Township denies Toll Brothers' massive development proposal near Brandywine Battlefield

Horsham-based developer's plan calls for 317 homes on Chester County land connected to Revolutionary War battle

Development Preservation
Crebilly Farm Tom Maher/For PhillyVoice

This photo posted to the Neighbors for Crebilly Farm Facebook page shows the farm from a distance. Opponents to a plan by developer Toll Brothers to build homes on the farm site say Hessian soldiers marched across the farmstead in 1777 before fighting – the first skirmishes of the Battle of the Brandywine – broke out there.

A Chester County township voted down a builder's proposal on Thursday night to build a large housing development on a piece of land some say played a role in a Revolutionary War battle.

Westtown Township supervisors unanimously denied Toll Brothers' application to build a 317-unit housing development on Crebilly Farm, a 322-acre parcel that sits just north of the main Brandywine Battlefield.

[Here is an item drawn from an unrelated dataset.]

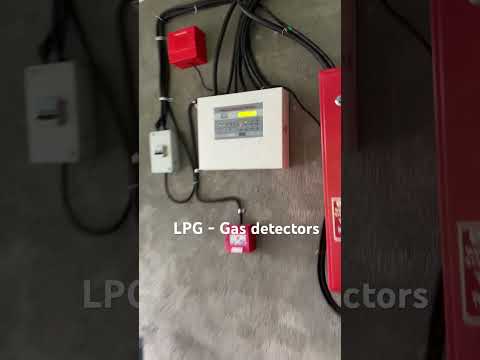 LPG gas detectors testing - Zone 1 #firealarm #lpgdetectors #gasdetection #firesafety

The plans call for a mix of single-family homes and townhouses. Toll, the Horsham-based developer seeking to realize another controversial proposal to build a residential tower in Philadelphia's Jewelers Row diamond district, had said it would keep about 60 percent of the land open if it were to build on the farm.

But the proposal drew strong opposition from those who wanted the land preserved, citing its ties to the Battle of the Brandywine. The battle's first skirmishes broke out on what is now Crebilly Farm on the morning of Sept. 11, 1777, they say.

A grassroots group that fought the proposal, Neighbors for Crebilly, lauded the decision in a statement on Friday.

"Kudos to the supervisors for standing up to Toll and protecting our history, our environment, and our quality of life," the group said.

For about a year, the application had been a matter of heated local debate in various board of supervisors and planning commission meetings. The three supervisors met in executive sessions on Dec. 5, Dec. 14, Dec. 18 and before Thursday's meeting before handing down its decision, the Daily Local News reported.

The board is expected to issue a written account of why it rejected the plan within 45 days of the vote.

The township's planning commission approved the application earlier this year, but it added 50 conditions that included moving a tavern away from Route 202, preserving all buildings on the property, keeping designated open space and building new roads.

Toll has not said whether it plans to appeal the decision.